The darker the hour, the faster the clock hands run backward and the brighter the beacon of the past burns, calling us back to the old vicarage, to a home we can never return to, until the church clock really does stand at ten to three and there is honey still for tea after all. And here we all are, sitting in the attic of the past, leafing to remember and sifting to let go, getting all misty about what is, after all, only the last nanosecond in history. Our immersion in nostalgia shines like a lacquered displacement activity but it’s really just leaving behaviour; what we do before it is time to go.
And so there is loss. We are adrift in it and have been for a long time. In culture, so much of what moves us is not the art, music, literature or cinema itself, but a tangible sense of loss that pervades it and resonates with us. It can stimulate a deep, residual sense of beauty, time and place in our lives but also far, far beyond the here and now, to another dimension of being, almost beyond memory and articulation. Yet we all recognise it when we feel it. It’s what makes all art art and what makes it ultimately useless too, and attempts to intellectualise it futile. I could go on….
We find ourselves in a strangely-lit, post-cultural non-space where nothing is sacred, and liberté, égalité, fraternité are mere bytes, where inversion of every kind is the norm, but where the norm no longer exists. We are more unsure than ever of our identities, roles and it seems that there is no longer a path, so nostalgia comes on like a fool’s amnesty. The pull is sometimes so strong as to invoke a desire to return, not just to a selective past, but beyond, to one which never existed. The past may be dead but it won’t lie down.
In pop culture there is a fascination with the selected highlights package of the past as a body of work to be revisited, plundered and celebrated time and again until any remaining magic is wrung out of it or seeps into tradition. No new ground is being broken and nothing much new is being said. Pop music has been ransacking itself since the 90s, if not before, and the screen too, both silver and small seem content with a diet of rehashes and remakes. As things stand, we’ve run out of ideas.
There seems to be no limit to the number of times the same story can be reworked and no limit to the number of times we will buy into it, such is our need to imagine, escape or navel gaze. And like music, it doesn’t go away anymore either. Whatever you saw and whenever you saw it, or not, sooner or later it will end up in virtual landfill, where the endless effluence of today and yesterday, yesterhour and yestersecond finds its final roosting place. It is truly a Pandora’s box of phantasmagoria which reveals the seething maelstrom of modern life.

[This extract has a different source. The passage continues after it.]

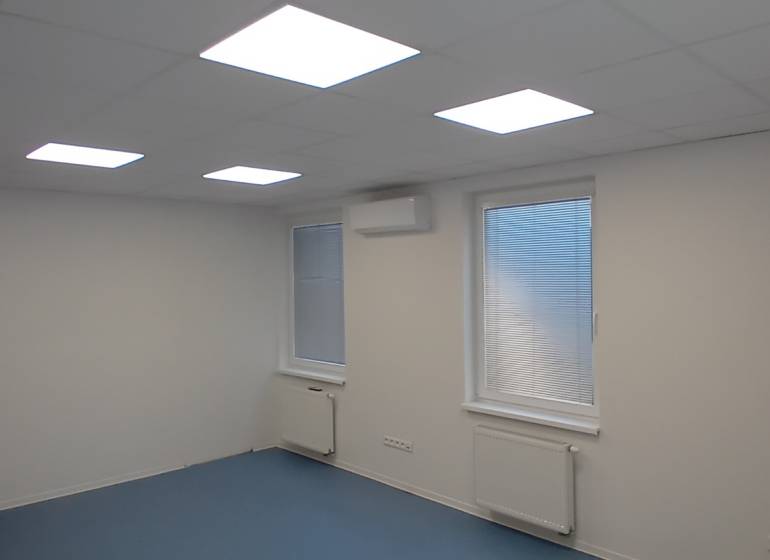 Prenájom klimatizovanej kancelárie, 24 m² – Trnava, Bulharská ulica - Kancelárie s bielym stropom, modrou podlahou a oknami so žalúziami.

Loss is the inseparable companion of change and its analgesic is nostalgesic. If we ever get to the point where we are nostalgic about the present, we’ll know we’re really in deep doo-doo. But while nostalgia looks back in time for a place to hide, its saucy counterpoint, pop-talgia is a mash-up, a summoning up of that same past for one last, giant, gratuitous, chorus line curtain call. And we know what happens after that: when the music’s over, turn out the lights.

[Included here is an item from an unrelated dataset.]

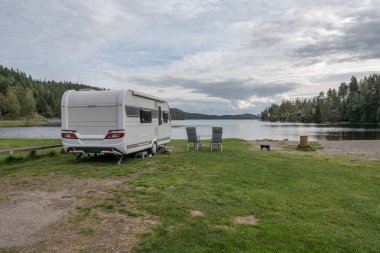 Dalsland İsveç 'te Ragnerudsjoen Gölü' nün kıyısındaki kamp alanı karavanı. Güzel doğa ormanı çam ağaçları..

All that progress, and it’s taking us to a place we can’t even name. And there is no name because we have no more to learn from this paradigm and it’s time to move on. And that’s progress even if it doesn’t feel like it close up. The coming demolition of the old order is well overdue and certainly nothing to be afraid of even if we have to live in the ruins for a while. Given that we have no choice in the matter anyway, better to take a deep breath, face forward and smile, cos that’s where we’re going. Ever onward and upward, like a lark ascending.